The lines of the records that include "image" should all be copied.
START DATA SECTION
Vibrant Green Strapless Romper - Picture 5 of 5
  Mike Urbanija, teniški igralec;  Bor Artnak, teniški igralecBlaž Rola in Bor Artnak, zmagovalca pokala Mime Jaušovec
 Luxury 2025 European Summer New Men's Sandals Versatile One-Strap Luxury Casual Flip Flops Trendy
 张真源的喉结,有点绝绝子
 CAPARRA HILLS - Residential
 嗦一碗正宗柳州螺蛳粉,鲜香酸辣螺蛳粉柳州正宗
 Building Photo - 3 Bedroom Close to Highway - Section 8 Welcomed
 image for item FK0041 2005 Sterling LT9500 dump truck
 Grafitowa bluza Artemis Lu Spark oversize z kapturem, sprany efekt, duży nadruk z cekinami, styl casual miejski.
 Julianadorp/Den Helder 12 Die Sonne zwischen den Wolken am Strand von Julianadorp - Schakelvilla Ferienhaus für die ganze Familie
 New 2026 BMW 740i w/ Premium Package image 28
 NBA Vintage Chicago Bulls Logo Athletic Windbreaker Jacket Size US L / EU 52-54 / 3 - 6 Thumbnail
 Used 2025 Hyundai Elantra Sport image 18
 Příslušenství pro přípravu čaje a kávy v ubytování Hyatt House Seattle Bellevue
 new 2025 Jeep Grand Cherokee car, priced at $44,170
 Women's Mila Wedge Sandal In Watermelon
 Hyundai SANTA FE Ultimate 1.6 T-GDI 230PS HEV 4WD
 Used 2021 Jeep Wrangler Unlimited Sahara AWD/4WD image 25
END DATA SECTION
● **RESULT FOR THIS TASK**
 image for item FK0041 2005 Sterling LT9500 dump truck
 New 2026 BMW 740i w/ Premium Package image 28
 Used 2025 Hyundai Elantra Sport image 18
 Used 2021 Jeep Wrangler Unlimited Sahara AWD/4WD image 25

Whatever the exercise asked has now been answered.